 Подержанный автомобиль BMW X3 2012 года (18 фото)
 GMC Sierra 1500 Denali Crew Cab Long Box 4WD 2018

+++++

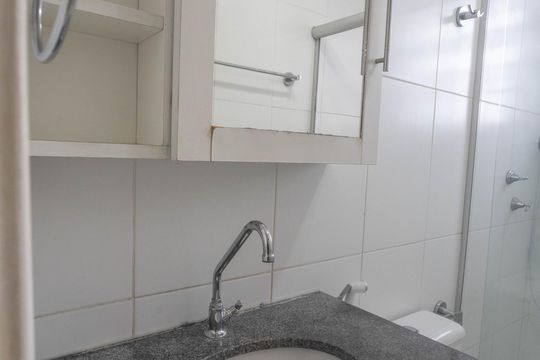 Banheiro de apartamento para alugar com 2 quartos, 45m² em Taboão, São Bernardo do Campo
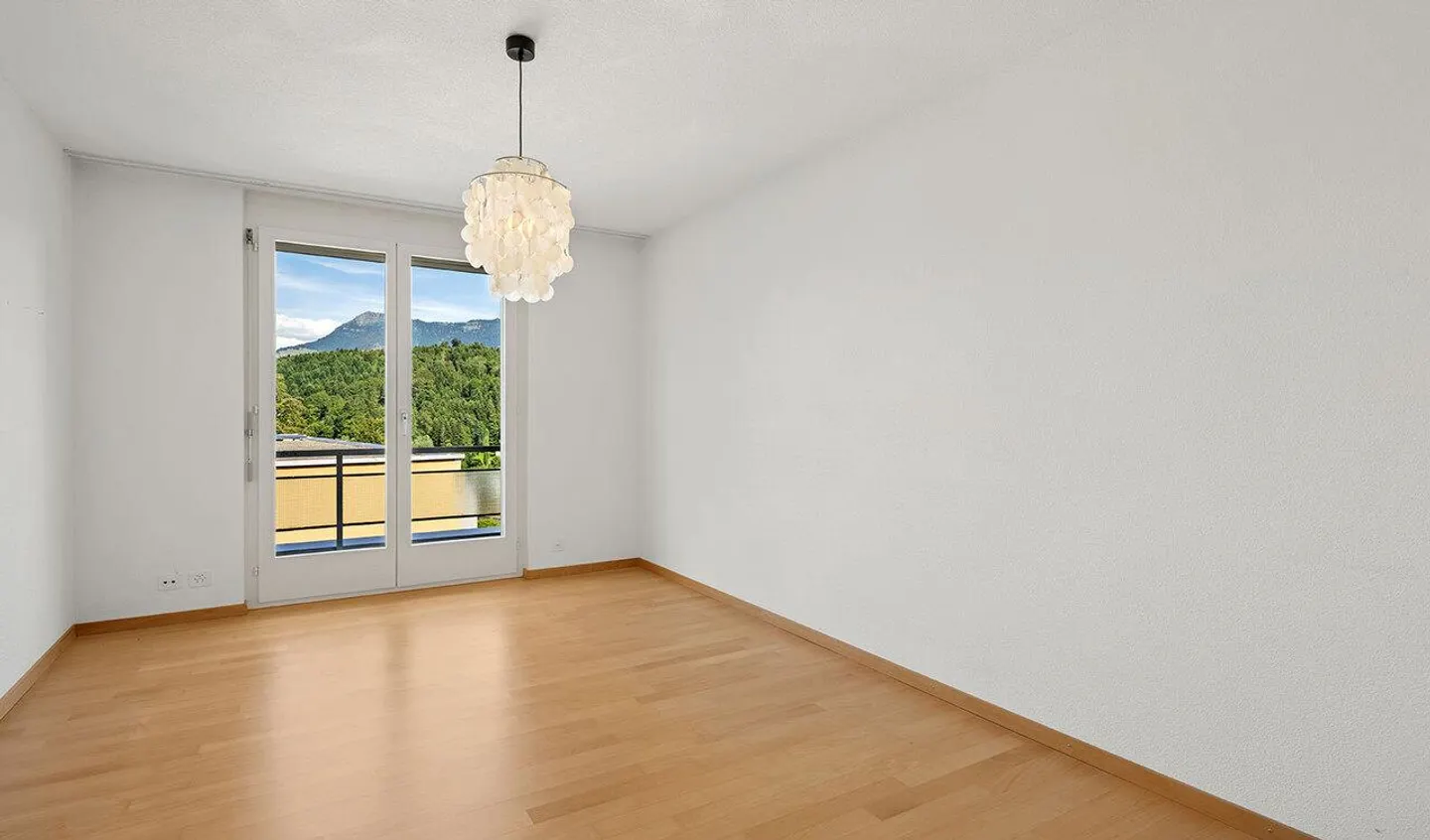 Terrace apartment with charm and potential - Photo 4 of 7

+++++

:: WHAT THE EXERCISE ASKS ::
Could you set down, exactly as written, the lines above between the one holding "Подержанный автомобиль BMW" and the one holding "GMC Sierra 1500", inclusive, and nothing more?

:: EXPECTED ANSWER ::
 Подержанный автомобиль BMW X3 2012 года (18 фото)
 GMC Sierra 1500 Denali Crew Cab Long Box 4WD 2018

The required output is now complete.